* **Requirement**
Only the lines below from the one containing "For Sale: $374,999" to the one containing "Maxi Cosi 360 carseat - Image 3" should be repeated, both included and unchanged.

* **Records to process**
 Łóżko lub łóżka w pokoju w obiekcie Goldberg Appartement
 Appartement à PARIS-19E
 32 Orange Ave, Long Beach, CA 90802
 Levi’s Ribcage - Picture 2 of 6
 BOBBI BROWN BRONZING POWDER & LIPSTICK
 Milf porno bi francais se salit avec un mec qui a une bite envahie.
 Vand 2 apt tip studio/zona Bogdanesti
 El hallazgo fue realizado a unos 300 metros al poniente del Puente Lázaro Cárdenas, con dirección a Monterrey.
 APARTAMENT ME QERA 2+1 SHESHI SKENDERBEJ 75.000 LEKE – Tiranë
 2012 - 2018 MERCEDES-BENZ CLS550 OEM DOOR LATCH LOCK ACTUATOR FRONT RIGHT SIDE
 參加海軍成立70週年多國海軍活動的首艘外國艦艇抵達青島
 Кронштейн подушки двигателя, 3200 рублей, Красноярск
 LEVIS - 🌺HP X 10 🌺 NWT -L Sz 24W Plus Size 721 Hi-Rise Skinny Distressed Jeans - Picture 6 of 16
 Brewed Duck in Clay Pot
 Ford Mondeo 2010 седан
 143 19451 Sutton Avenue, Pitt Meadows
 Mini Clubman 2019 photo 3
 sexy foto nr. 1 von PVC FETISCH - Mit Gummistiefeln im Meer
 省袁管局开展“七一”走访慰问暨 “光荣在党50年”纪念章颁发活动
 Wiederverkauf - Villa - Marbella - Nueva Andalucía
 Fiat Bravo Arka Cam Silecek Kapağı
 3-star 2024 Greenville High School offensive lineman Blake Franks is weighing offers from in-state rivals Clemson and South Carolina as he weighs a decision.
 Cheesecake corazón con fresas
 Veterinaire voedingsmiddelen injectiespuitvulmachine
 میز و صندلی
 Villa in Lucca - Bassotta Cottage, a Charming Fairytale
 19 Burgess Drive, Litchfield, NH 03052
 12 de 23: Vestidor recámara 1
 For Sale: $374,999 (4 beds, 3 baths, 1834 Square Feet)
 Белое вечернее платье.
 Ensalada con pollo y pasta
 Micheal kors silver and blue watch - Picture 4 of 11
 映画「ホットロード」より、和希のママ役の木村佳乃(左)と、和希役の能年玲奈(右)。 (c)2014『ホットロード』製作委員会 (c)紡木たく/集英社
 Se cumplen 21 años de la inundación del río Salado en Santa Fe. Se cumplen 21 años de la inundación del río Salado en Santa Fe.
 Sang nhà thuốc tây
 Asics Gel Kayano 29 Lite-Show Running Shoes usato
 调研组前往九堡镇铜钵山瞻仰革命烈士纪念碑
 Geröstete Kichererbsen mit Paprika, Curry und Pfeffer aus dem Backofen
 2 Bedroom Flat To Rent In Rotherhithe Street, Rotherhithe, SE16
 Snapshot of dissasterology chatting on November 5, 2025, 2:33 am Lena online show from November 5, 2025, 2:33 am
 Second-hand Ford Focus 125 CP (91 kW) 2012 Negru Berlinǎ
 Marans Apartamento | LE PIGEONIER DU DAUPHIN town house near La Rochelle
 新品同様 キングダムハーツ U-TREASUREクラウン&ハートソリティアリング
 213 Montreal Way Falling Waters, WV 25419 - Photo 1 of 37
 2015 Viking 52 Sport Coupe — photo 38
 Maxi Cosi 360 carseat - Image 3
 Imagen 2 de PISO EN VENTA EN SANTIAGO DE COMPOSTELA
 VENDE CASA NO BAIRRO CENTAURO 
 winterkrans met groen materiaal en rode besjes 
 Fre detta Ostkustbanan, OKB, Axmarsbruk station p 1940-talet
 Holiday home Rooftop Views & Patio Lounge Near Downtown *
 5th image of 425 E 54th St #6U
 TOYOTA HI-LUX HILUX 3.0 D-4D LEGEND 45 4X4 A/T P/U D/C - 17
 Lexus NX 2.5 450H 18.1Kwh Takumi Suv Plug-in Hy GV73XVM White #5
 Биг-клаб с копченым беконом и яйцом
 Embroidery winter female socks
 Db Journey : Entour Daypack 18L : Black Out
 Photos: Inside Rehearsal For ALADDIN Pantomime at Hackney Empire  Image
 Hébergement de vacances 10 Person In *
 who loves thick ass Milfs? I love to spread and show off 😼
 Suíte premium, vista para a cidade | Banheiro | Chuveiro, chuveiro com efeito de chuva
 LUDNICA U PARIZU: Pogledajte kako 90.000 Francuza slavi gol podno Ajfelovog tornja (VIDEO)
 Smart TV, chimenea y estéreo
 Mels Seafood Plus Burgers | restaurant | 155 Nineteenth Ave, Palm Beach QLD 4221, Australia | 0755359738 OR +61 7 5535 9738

* **Answer for this exercise**
 For Sale: $374,999 (4 beds, 3 baths, 1834 Square Feet)
 Белое вечернее платье.
 Ensalada con pollo y pasta
 Micheal kors silver and blue watch - Picture 4 of 11
 映画「ホットロード」より、和希のママ役の木村佳乃(左)と、和希役の能年玲奈(右)。 (c)2014『ホットロード』製作委員会 (c)紡木たく/集英社
 Se cumplen 21 años de la inundación del río Salado en Santa Fe. Se cumplen 21 años de la inundación del río Salado en Santa Fe.
 Sang nhà thuốc tây
 Asics Gel Kayano 29 Lite-Show Running Shoes usato
 调研组前往九堡镇铜钵山瞻仰革命烈士纪念碑
 Geröstete Kichererbsen mit Paprika, Curry und Pfeffer aus dem Backofen
 2 Bedroom Flat To Rent In Rotherhithe Street, Rotherhithe, SE16
 Snapshot of dissasterology chatting on November 5, 2025, 2:33 am Lena online show from November 5, 2025, 2:33 am
 Second-hand Ford Focus 125 CP (91 kW) 2012 Negru Berlinǎ
 Marans Apartamento | LE PIGEONIER DU DAUPHIN town house near La Rochelle
 新品同様 キングダムハーツ U-TREASUREクラウン&ハートソリティアリング
 213 Montreal Way Falling Waters, WV 25419 - Photo 1 of 37
 2015 Viking 52 Sport Coupe — photo 38
 Maxi Cosi 360 carseat - Image 3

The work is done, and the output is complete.